Boden señala que, hoy en día, algunos robots ya incorporan mecanismos de aprendizaje, incluso de aprendizaje evolutivo, mediante algoritmos genéticos. Es decir, se diseñan poblaciones de robots o programas que experimentan, se adaptan y cambian según su desempeño, emulando procesos de selección natural.
“En lugar de programar comportamientos ideales, se deja que los sistemas evolucionen por prueba y error, como lo haría un organismo” (Boden, 2016, cap. 5).
Este tipo de enfoque —basado en evolución artificial— plantea que la inteligencia y la vida pueden emerger desde abajo, desde procesos simples que se combinan, sin necesidad de que alguien planifique todo de antemano. En lo educativo, esto puede verse como una analogía con el aprendizaje abierto, el aprendizaje basado en proyectos o el pensamiento crítico: no se trata de transmitir contenidos cerrados, sino de crear condiciones para que el conocimiento emerja.
Desde una perspectiva pedagógica, el capítulo sobre robots y vida artificial interpela profundamente el modelo tradicional de educación centrado en el conocimiento abstracto. Si aprendemos no solo pensando, sino haciendo, probando, adaptándonos al entorno, entonces debemos enseñar desde la experiencia, el cuerpo y la exploración.
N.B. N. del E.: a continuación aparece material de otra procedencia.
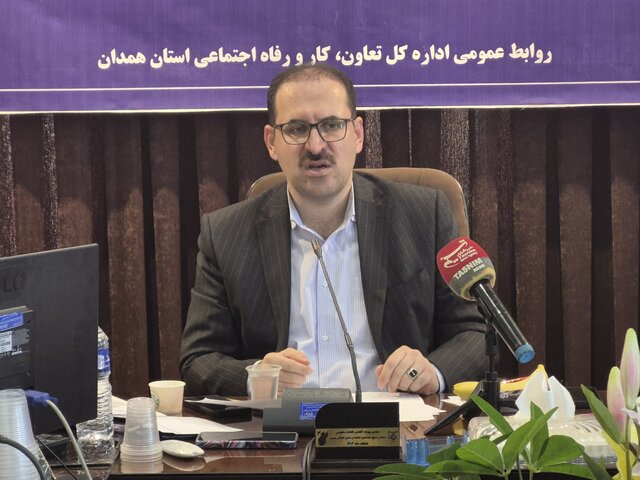 افتتاح ۱۱ تعاونی با ۲۲۰ فرصت شغلی در همدان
Al mismo tiempo, Boden nos advierte que dotar a las máquinas de cuerpo y agencia no es neutro: implica también una reflexión ética. ¿Queremos máquinas que parezcan humanas? ¿Qué papel les daremos en nuestras escuelas, hogares y sociedades? ¿Qué lugar tendrán en los procesos educativos: asistentes, simuladores, o incluso mediadores del aprendizaje?
Con el capítulo sobre robots y vida artificial, Margaret A. Boden completa el giro desde una inteligencia artificial centrada en el cálculo hacia una inteligencia encarnada, activa y situada. La pregunta ya no es solo si las máquinas pueden pensar, sino si pueden vivir con nosotros, compartir espacio, tareas, decisiones.
Para la educación, esta ampliación de la IA nos obliga a ir más allá de la alfabetización tecnológica. Se trata de formar docentes y estudiantes capaces de entender la inteligencia artificial como un fenómeno cultural, cognitivo y ético. Robots y vida artificial no son solo herramientas: son espejos de nuestras ideas sobre lo que significa ser humano.
“Construir vida artificial es también una forma de preguntarnos qué es estar vivos” (Boden, 2016, cap. 5).
Y esa es, quizás, la enseñanza más profunda: cada avance en IA es una oportunidad para repensar no solo la tecnología, sino también nuestra humanidad.
Referencias
Boden, M. A. (2016). Inteligencia Artificial. Madrid: Turner Noema.
Nota: Las citas textuales fueron tomadas de la versión digital del libro disponible en Everand (anteriormente Scribd), la cual no conserva la paginación de la edición impresa. Por esta razón, se ha citado por capítulos.